* Records
====

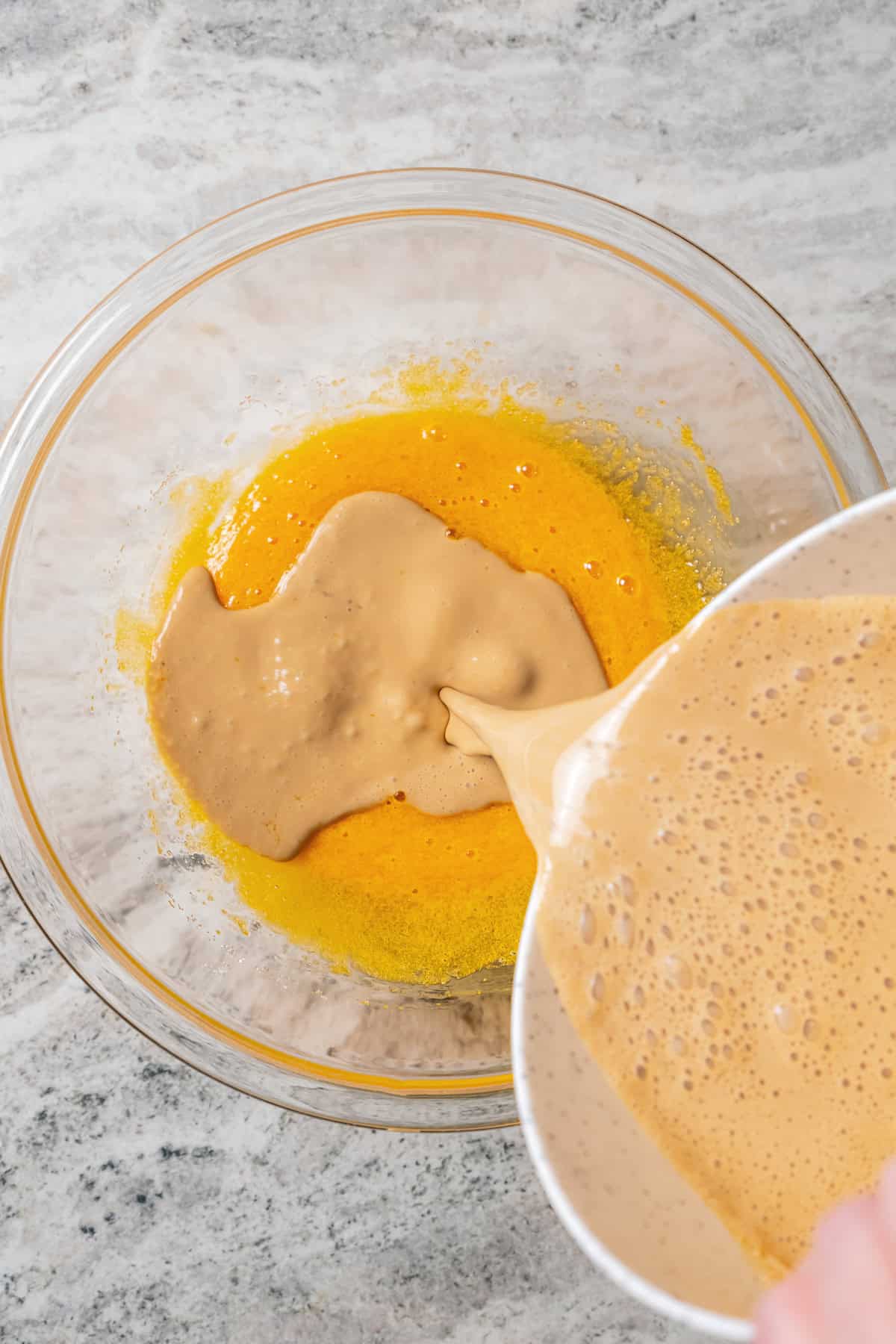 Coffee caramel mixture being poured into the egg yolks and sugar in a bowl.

====

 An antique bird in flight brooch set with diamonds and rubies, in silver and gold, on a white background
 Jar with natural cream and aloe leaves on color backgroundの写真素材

====

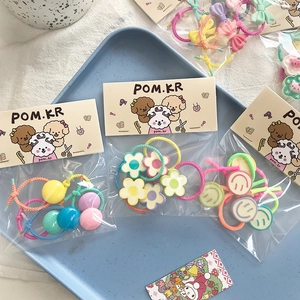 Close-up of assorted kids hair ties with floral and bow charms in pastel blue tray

====

* The task
In the listing above, find the line with "An antique bird" and the line with "Jar with natural", then print exactly those lines and every line between them.

* Completed task
 An antique bird in flight brooch set with diamonds and rubies, in silver and gold, on a white background
 Jar with natural cream and aloe leaves on color backgroundの写真素材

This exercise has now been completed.